If your subjective film study believes that Rodgers is secretly more turnover-prone than Brady, may I suggest there is something you are missing, or getting wrong in your film study, because the outcomes for Rodgers are quite consistent on this front. And interceptions have a HUGE impact on value. Adding interceptions to Rodgers while removing them from Brady isn’t some small adjustment to overall value, and based on Rodgers’ history with interceptions, not warranted.
Baseball has also taken great care in determining what exactly constitutes “replacement level.” Remember from above that PFF has set the win total of an all-replacement team at 3-13.
That is FAR too optimistic a win-total for a team that is going to be outclassed at every position against every opponent, and I wonder if setting a reasonable replacement value for the non-QB positions is really possible given how small the win-shares for those positions are.
Taking an imprecise grade, and applying an imprecise positional valuation, while converting to a WAR scale seems highly problematic. It becomes even more so when attempting to correct for interceptable passes, receiver drops, or anything of the like, especially when not also adjusting for other factors, like makeshift offensive lines, that are harder to quantify but still significant.

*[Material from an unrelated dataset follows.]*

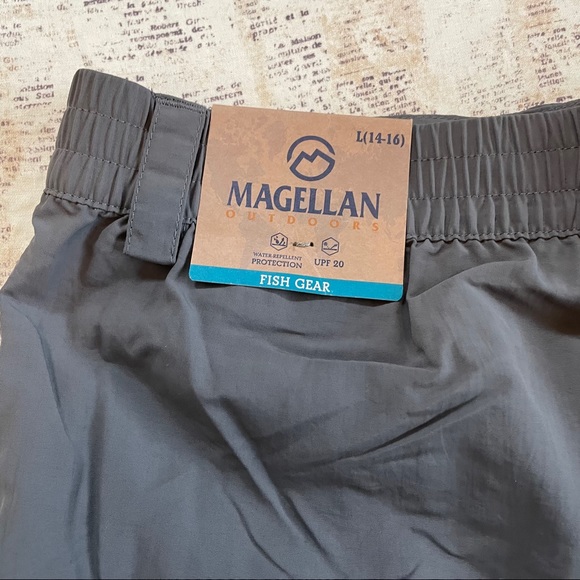 Magellan Grey outdoors shorts - Picture 4 of 7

In any give baseball MVP discussion, sabermetricians will always bring up WAR, but when two players are separated by 1 WAR or less, you will rarely hear anyone argue that one of those players is a clear-cut MVP. We understand there is enough noise in the numbers to allow for some good-natured debate on the subject. Palazzolo brings up several good points regarding the volume difference between Brady and Rodgers, and some early Rodgers struggles, but the inclusion of WAR is an attempt to add scientific-sounding, objective heft to their case, when it’s really just a dressed up, and less accurate version of their grades.